** Opening INPUT block **

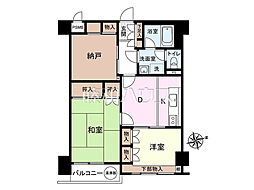 調布東口ビルライオンズマンション調布駅前 2SDKの間取図画像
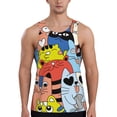 thumbnail image 1 of KLL Funny Cats Print Men's Muscle Gym Workout Stringer Tank Tops Bodybuilding Fitness T-Shirts Tank Tops Men-Large, 1 of 7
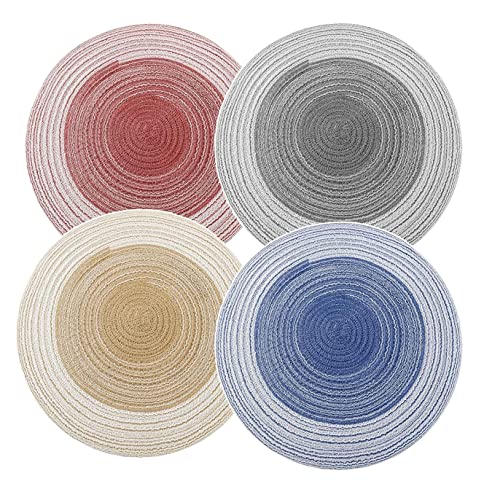 Image of Jute Placemats Set of 4 Heat Resistant Round Place Mats Natural Jute Woven Braided Table Mats Thick Farmhouse Placemats Trivet Round Braided Placemats for Dining Table(Multi, Set of 4)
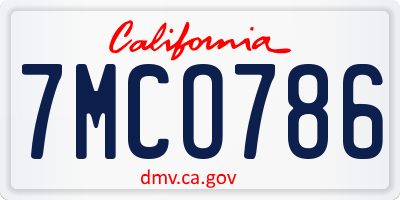 CA license plate 7MCO786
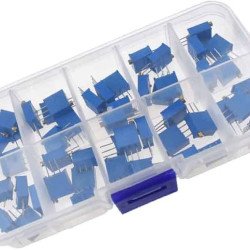 Kit de potentiomètre  3296W, 10 valeurs, 50 pièces, 100Ω ~ 100KΩ Kit de potentiomètre  3296W, 10 valeurs, 50 pièces, 100Ω ~ 100KΩ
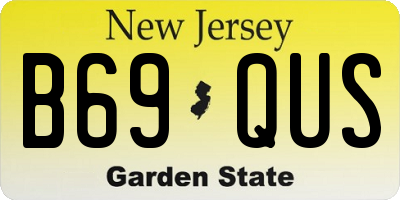NJ license plate B69QUS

** Closing INPUT block **

WORK REQUIRED -
What is needed is an exact repeat of only the lines from the one containing "CA license plate 7MCO786" through the last line of the listing above, both ends included, without the pictures.

COMPLETED EXERCISE -
 CA license plate 7MCO786
 Kit de potentiomètre  3296W, 10 valeurs, 50 pièces, 100Ω ~ 100KΩ Kit de potentiomètre  3296W, 10 valeurs, 50 pièces, 100Ω ~ 100KΩ
NJ license plate B69QUS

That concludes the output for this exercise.